Harry L. Nair, for the appellant (plaintiff).
Alfred V. Covello, with whom, on the brief, were Thomas F. Parker and J. Harold Williams, for the appellees (defendants).
The plaintiff brought this action on an alleged oral contract of indemnity to recover damages for losses incurred by him in the purchase of stock under a stock purchase agreement between him and the decedent, Frederick M. Taylor. The plaintiff alleged that on or about August 1, 1952, Taylor, president and controlling stockholder, approached him with the proposal that he purchase stock of Taylor and Greenough, Inc., a Connecticut corporation, and that he, Taylor, would personally guarantee his investment and that in purchasing the stock he would suffer no loss. Later the stock became worthless, and the plaintiff sought to recover from the decedent's estate. The trial court found the issues for the defendants, and the plaintiff has appealed to this court from the judgment rendered.
It was, of course, the burden of the plaintiff to prove the existence of the alleged contract of indemnity which he claimed the decedent breached. The trial court refused to find that such an agreement existed but instead found that the only contract entered into by the parties was embodied in a document which made no mention of an indemnity agreement. The plaintiff assigns error in the refusal of the court to find certain facts, notably, among them, the existence of the contract of indemnity.
To secure an addition to the finding, an appellant must point to some part of the appendix, the pleadings, or an exhibit properly before us which discloses that the appellee admitted that the fact in question was true or that its truth was conceded to be undisputed. Practice Book 628 (a); Martin v. Kavanewsky, 157 Conn. 514, 515, 255 A.2d 619; Maltbie, Conn. App. Proc. 158. The plaintiff testified to the existence of an oral agreement to indemnify. The other party to that alleged agreement was the decedent, Frederick M. Taylor, who had died on November 1, 1966, and whose testimony was, of course, unavailable to contradict the plaintiff, who was sued by writ dated July 6, 1967. "`Absence of direct contradiction by the mouth of a witness does not make a fact undisputed within the meaning of the rule. . . . The trial court is at liberty to discredit any witness . . . if it deems that it has cause to do so. It is one of the important functions of a trier to determine the relative credit to be given to oral evidence.'" Eastern Sportswear Co. v.
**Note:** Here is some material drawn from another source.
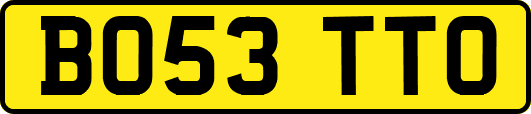 BO53TTO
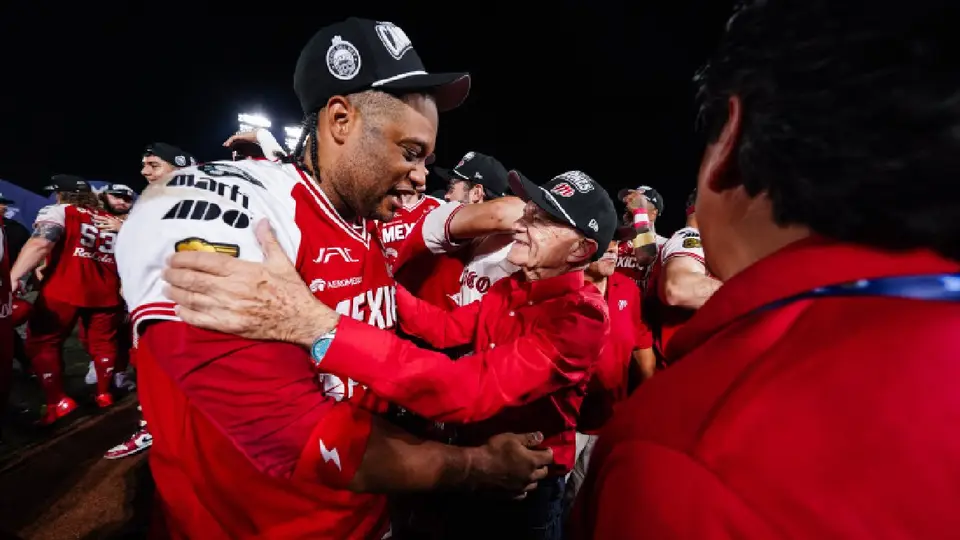 Robinson Canó | IMAGO7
S. Augstein Co., 141 Conn. 420, 422, 106 A.2d 476 (quoting from Allis v. Hall, 76 Conn. 322, 340, 56 A. 637); Greco v. Morcaldi, 145 Conn. 685, 687, 146 A.2d 589. Although the plaintiff has been unable to point to any finding of fact tending to support the existence of a contract of indemnity, he makes the claim that the court in its conclusions recognized the existence of such a contract. The court concluded that "[t]he understanding which was entered into between the parties was nothing more than an offer by the decedent to indemnify the plaintiff for any loss the plaintiff might suffer in the purchase of the stock." For one thing, this conclusion, to the extent that it would indicate the existence of an indemnity agreement, cannot be supported by the basic facts and therefore must fall. French v. Oberreuter, 157 Conn. 181, 193, 251 A.2d 67. Furthermore, the conclusion expressly states that the understanding was nothing more than an offer, which is perfectly consistent with the court's further conclusion that no enforceable agreement other than the stock purchase agreement actually received in evidence existed between the plaintiff and the decedent. Certainly these conclusions fall far short of establishing the existence of a contract of indemnity which the plaintiff was required to prove.
Because the plaintiff has been unable to establish the existence of a contract of indemnity, the trial court was correct in rendering judgment for the defendants.